BANDUNG (voa-islam.com) -
Indonesia berpenduduk mayoritas muslim terbesar di dunia, tapi entah
mengapa justru yang mayoritas itulah yang dizalimi bahkan dimusuhi.
Ironisnya bukan oleh orang-orang kafir tapi oleh tokoh pemerintah yang
notabene mengaku sebagai Muslim.
Fenomena
itu terlihat dalam kasus konflik antara umat Islam dengan pengikut
aliran sesat Syiah di Sampang, Madura. Umat Islam yang resah lalu
melakukan perlawanan lantaran keyakinannya dilecehkan justru dianggap
sebagai kekerasan dan harus ditindak.
Oleh
sebab itu Ketua Forum Ulama Umat Indonesia (FUUI) KH. Athian Ali M. Dai,
MA menyayangkan sikap para tokoh pemerintah yang hanya memandang ketika
kemarahan umat Islam saat keyakinannya dilecehkan oleh aliran sesat
sebagai kekerasan dan harus ditindak.
“Umat
Islam di negeri ini dimusuhi, karena memang itulah Islam; kalau tidak
diimani ya dimusuhi. Lucu melihat pernyataan para tokoh di pemerintahan
seperti Mahfud MD yang menyatakan bahwa aparat harus segera mengambil
tindakan kepada para pelaku kekerasan. Jadi semua melihat yang namanya
kekerasan itu hanyalah ketika orang marah karena keyakinan mereka
diinjak-injak, itulah kekerasan. Tapi orang yang menginjak-injak
keyakinan orang itu bukan kekerasan.
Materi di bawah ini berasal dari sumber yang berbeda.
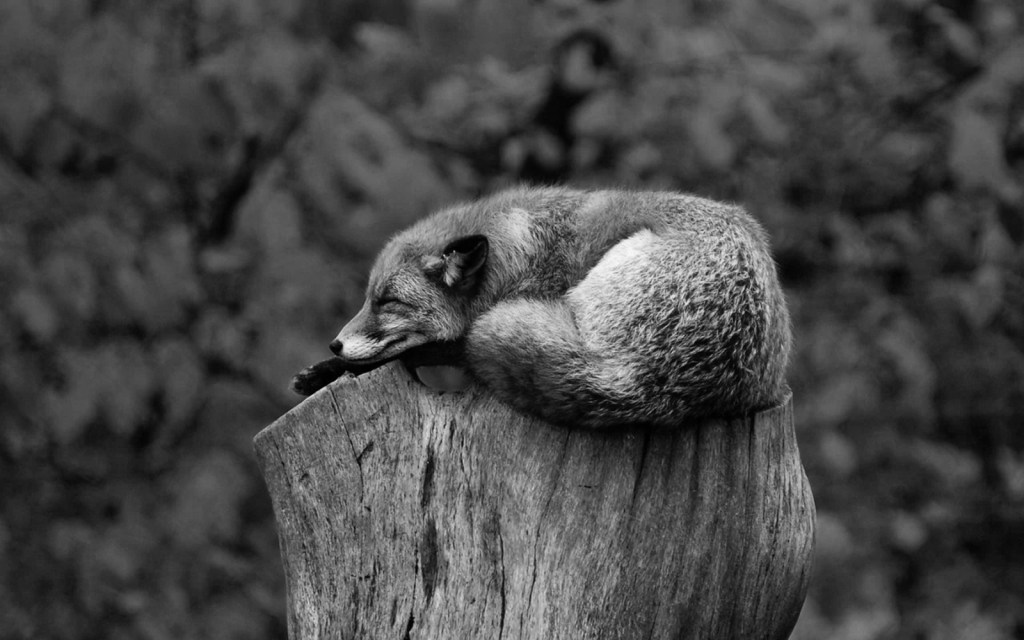 Un asunto del&nbsp;diablo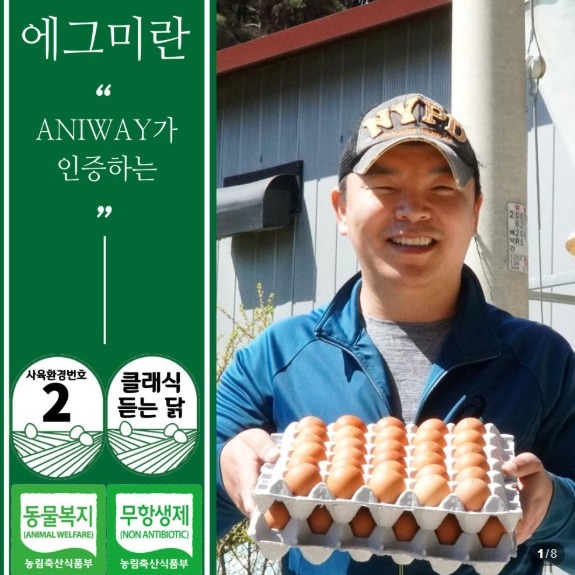 [애니웨이] 계란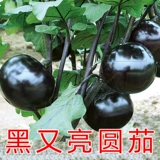 Тяндзин быстрые круглые баклажаны семян семян растительные овощи 孑 четыре сезона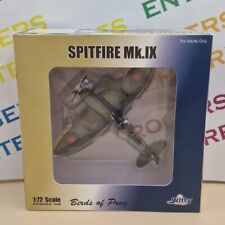 Witty Wings Birds Of Prey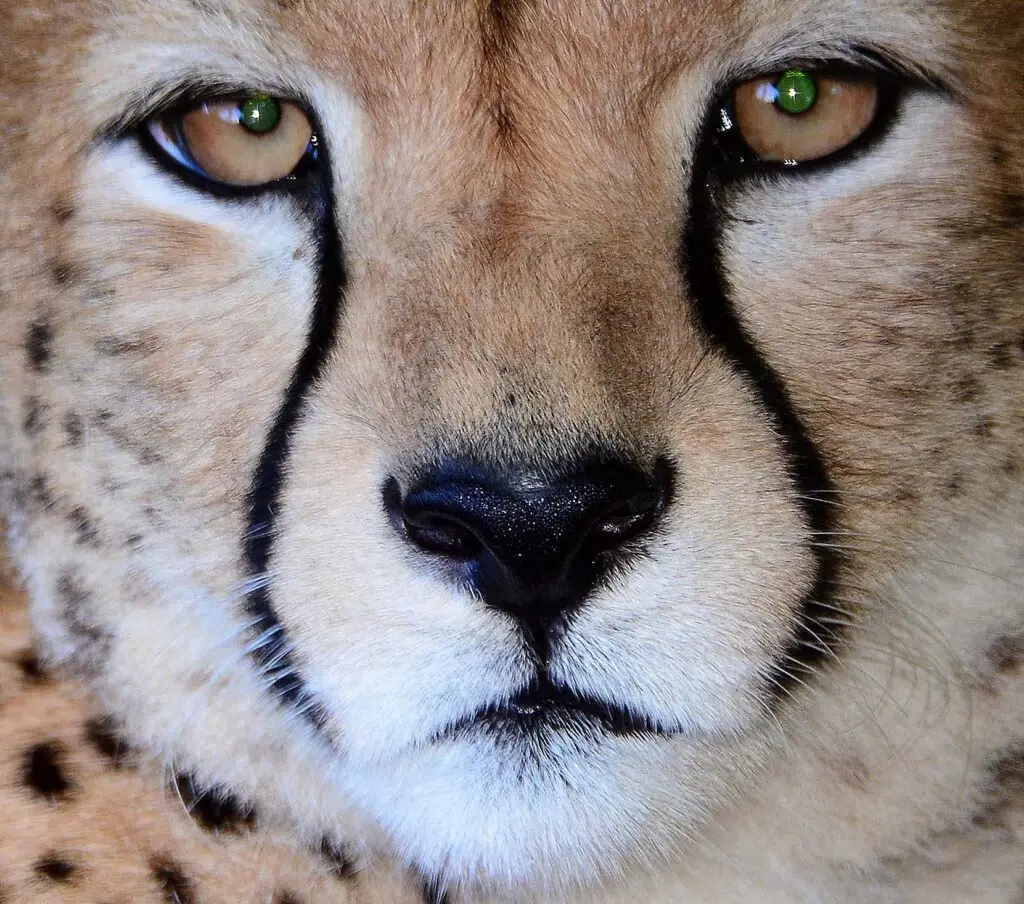 cheetah-lazy-lion-safaris-tanzania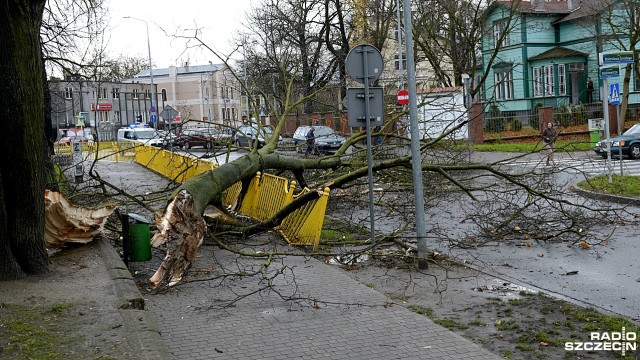 Zachodniopomorscy strażacy ponad 150 razy wyjeżdżali do powalonych w regionie drzew. Kilkadziesiąt ulic w Szczecinie nie ma prądu.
Karena di mata orang-orang tidak
beragama seperti ini, menghina agama itu tidak ada apa-apanya, sesuatu
yang di mata mereka tidak ada masalah,” ungkapnya saat diwawancara
voa-islam.com, Rabu (29/8/2012).
Memang,
seperti diberitakan di berbagai media, Ketua Mahkamah Konstitusi Mahfud
MD meminta aparat bertindak tegas terhadap pelaku penyerangan aliran
sesat Syiah di Sampang, Madura.
"Aparat
penegak hukum harus mengambil tindakan tegas terhadap pelaku penyerangan
tersebut," katanya usai Syawalan 1433 Hijriah Keluarga Alumni Himpunan
Mahasiswa Islam (KAHMI) di Yogyakarta, Minggu (26/8/2012).
Lebih
lanjut, ulama asal Bandung ini menjelaskan yang dimaksud orang tidak
beragama bukanlah orang atheis tak menganut agama apa pun. “Maksud saya
orang yang tidak beragama itu orang yang tidak mengerti agama, boro-boro
menghayati agama,” jelasnya.
Menurutnya,
seorang Muslim itu seharusnya menjadikan keyakinannya sebagai sesuatu
yang lebih mahal dari segala-galanya, bahkan dari nyawanya sekalipun.
“lebih
baik orang menginjak kepala sayalah daripada menginjak-injak keyakinan
saya. Saya mungkin masih bisa bersabar kalau ada orang menginjak kepala
saya, tapi tidak mungkin saya bisa bersabar ada orang menginjak
keyakinan saya. Karena bagi saya keyakinan itu sesuatu yang termahal,
saya lebih baik mati daripada keyakinan saya diinjak-injak orang,”
paparnya.
Namun, ketika umat Islam marah karena keyakinannya diinjak-injak justru merekalah yang diberi stigma negatif. “Ketika umat Islam marah lalu dituduh teroris, ekstrimis, fundamentalis,” tandasnya.